*** DATA UNDER STUDY ***
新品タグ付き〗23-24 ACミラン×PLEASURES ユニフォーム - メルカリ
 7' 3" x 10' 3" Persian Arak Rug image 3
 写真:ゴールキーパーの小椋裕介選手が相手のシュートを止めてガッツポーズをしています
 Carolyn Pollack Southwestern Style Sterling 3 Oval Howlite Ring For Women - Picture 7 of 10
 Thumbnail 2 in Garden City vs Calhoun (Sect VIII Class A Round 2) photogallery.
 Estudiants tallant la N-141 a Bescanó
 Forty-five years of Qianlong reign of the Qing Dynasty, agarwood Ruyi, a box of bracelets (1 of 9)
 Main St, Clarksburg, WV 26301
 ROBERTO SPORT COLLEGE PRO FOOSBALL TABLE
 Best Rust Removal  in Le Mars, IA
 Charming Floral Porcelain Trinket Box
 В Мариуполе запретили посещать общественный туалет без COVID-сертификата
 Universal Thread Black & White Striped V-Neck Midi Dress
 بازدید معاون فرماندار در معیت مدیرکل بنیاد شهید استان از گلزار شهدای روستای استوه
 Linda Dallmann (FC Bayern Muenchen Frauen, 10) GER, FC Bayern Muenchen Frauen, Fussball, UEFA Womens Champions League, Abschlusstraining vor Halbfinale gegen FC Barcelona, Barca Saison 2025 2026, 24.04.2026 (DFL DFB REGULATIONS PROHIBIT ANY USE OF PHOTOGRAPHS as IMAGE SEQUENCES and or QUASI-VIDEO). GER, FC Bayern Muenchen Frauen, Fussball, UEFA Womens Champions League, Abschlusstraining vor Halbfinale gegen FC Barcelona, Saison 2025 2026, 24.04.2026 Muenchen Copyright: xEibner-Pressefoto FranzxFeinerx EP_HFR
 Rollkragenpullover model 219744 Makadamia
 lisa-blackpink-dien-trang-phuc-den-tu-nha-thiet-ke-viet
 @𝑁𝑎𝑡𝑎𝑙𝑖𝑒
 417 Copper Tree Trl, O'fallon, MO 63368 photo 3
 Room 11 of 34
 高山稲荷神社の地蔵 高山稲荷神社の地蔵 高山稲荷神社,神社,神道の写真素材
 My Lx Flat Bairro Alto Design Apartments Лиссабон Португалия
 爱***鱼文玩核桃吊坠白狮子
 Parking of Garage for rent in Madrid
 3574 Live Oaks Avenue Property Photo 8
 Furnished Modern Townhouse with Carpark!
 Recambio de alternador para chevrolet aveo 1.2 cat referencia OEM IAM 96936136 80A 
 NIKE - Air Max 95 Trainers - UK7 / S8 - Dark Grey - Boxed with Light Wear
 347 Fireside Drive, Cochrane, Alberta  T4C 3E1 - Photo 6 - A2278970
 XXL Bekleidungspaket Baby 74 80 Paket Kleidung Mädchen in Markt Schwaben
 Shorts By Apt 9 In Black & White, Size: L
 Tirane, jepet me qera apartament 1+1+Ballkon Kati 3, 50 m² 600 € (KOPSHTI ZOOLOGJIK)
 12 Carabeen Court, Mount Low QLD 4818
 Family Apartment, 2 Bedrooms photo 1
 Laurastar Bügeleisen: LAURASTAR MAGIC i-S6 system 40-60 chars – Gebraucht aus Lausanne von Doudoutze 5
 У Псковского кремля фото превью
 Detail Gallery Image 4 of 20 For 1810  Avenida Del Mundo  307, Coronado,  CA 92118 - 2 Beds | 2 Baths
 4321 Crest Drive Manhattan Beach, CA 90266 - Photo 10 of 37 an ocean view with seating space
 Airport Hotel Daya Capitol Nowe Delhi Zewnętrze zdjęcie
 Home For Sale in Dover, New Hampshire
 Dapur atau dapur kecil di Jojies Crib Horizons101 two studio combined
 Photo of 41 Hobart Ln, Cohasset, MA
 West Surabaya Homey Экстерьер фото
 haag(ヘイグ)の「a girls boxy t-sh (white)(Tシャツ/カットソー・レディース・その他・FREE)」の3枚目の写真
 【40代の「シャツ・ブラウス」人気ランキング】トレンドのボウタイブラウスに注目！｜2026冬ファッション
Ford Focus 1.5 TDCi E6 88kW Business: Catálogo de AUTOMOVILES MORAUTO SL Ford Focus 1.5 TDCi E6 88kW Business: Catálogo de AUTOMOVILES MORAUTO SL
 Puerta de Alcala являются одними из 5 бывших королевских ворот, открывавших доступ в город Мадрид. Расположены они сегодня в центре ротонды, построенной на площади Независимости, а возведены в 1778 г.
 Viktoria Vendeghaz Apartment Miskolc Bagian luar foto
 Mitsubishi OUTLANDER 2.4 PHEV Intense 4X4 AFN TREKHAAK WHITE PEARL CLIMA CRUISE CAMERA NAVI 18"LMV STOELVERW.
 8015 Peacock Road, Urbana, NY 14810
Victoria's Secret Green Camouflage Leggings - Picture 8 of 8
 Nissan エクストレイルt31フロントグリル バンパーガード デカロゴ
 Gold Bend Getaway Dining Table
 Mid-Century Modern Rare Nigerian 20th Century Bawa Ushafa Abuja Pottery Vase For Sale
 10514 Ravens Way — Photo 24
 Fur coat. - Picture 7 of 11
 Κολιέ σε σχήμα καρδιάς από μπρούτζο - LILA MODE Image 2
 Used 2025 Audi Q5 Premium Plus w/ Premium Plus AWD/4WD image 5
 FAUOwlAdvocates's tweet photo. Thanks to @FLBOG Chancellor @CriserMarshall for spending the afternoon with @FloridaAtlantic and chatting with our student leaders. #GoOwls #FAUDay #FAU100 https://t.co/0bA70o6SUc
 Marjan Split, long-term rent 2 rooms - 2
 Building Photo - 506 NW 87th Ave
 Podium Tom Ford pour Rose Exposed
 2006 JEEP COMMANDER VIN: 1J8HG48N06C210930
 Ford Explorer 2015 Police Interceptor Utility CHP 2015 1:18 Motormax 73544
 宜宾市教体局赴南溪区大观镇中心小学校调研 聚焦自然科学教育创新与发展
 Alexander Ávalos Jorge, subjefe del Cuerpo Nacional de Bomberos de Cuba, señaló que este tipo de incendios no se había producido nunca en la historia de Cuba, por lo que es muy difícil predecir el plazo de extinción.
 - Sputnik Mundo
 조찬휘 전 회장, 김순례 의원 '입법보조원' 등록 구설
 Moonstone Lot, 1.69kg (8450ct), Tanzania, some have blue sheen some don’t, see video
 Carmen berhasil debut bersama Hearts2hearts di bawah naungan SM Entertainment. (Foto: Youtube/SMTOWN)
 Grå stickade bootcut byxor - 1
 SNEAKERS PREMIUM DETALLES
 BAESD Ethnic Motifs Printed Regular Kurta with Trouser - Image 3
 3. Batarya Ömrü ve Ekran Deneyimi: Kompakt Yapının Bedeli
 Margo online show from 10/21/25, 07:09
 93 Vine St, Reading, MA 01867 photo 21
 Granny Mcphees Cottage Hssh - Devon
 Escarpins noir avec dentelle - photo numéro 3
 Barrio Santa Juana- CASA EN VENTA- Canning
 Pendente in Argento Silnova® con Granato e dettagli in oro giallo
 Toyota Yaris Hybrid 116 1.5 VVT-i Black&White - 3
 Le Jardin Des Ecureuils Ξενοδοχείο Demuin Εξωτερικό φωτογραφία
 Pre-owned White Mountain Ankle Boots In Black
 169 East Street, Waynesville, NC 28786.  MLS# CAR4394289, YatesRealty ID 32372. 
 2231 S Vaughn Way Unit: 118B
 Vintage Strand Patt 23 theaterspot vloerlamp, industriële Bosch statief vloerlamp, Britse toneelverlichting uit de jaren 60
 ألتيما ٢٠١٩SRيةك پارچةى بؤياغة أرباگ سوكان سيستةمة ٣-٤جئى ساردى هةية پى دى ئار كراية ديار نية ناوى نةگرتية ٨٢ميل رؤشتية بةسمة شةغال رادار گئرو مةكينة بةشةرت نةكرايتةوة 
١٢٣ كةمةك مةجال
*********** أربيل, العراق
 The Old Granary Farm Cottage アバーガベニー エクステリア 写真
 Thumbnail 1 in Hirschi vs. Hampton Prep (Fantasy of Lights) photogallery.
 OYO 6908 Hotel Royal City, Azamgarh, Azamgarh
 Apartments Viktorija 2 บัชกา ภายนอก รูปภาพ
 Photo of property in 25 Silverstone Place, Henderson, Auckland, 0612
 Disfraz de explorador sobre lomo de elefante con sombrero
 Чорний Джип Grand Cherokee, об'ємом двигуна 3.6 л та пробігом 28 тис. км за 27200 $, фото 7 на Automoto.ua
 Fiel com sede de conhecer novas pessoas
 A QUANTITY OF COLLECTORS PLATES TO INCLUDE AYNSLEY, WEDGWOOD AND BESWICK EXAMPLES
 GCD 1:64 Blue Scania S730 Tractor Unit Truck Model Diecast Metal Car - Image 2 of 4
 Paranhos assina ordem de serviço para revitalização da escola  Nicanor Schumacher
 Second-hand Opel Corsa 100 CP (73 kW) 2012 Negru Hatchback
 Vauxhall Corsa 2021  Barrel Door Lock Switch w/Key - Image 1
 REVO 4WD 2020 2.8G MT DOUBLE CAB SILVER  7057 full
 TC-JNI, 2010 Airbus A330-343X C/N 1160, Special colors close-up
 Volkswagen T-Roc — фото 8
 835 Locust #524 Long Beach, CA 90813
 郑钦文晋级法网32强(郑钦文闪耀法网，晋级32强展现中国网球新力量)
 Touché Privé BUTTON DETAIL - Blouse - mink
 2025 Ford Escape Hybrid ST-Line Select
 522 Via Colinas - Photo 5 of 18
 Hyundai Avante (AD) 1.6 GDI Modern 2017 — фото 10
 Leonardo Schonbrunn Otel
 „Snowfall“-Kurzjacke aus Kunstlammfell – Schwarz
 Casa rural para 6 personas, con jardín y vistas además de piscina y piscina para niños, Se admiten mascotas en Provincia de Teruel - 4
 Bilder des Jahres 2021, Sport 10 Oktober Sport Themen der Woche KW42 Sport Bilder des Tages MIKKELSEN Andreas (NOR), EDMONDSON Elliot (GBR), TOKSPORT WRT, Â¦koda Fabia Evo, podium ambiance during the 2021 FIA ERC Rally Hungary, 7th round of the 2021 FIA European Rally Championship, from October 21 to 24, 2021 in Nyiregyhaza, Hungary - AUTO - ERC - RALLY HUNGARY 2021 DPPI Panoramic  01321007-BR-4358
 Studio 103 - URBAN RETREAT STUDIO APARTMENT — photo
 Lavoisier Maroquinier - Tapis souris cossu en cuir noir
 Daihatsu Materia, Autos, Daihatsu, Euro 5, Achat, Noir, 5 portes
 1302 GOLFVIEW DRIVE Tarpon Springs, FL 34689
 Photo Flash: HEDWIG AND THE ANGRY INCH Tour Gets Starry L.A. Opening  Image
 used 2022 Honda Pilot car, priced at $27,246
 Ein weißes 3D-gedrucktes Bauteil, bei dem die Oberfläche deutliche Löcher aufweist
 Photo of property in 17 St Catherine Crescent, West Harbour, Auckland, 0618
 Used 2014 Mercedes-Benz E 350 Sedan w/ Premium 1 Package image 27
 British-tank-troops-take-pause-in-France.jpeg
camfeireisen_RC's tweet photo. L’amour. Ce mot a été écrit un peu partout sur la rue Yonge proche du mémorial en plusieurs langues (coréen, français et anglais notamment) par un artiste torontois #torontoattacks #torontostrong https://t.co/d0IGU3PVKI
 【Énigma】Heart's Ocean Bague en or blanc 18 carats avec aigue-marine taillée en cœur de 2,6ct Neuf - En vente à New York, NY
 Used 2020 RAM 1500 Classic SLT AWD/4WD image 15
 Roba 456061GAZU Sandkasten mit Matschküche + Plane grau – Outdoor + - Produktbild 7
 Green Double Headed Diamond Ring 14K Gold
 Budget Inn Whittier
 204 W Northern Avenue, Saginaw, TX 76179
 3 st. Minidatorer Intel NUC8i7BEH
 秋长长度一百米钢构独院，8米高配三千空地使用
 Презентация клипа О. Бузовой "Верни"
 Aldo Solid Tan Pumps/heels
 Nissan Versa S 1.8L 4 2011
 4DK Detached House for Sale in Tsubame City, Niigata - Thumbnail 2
*** End of DATA UNDER STUDY ***
## REQUIRED ACTION
Copy exactly the stretch of data above from the line with "835 Locust #524 Long Beach, CA 90813" through the line with "Casa rural para", and omit all other lines.

## WRITTEN REPLY
 835 Locust #524 Long Beach, CA 90813
 郑钦文晋级法网32强(郑钦文闪耀法网，晋级32强展现中国网球新力量)
 Touché Privé BUTTON DETAIL - Blouse - mink
 2025 Ford Escape Hybrid ST-Line Select
 522 Via Colinas - Photo 5 of 18
 Hyundai Avante (AD) 1.6 GDI Modern 2017 — фото 10
 Leonardo Schonbrunn Otel
 „Snowfall“-Kurzjacke aus Kunstlammfell – Schwarz
 Casa rural para 6 personas, con jardín y vistas además de piscina y piscina para niños, Se admiten mascotas en Provincia de Teruel - 4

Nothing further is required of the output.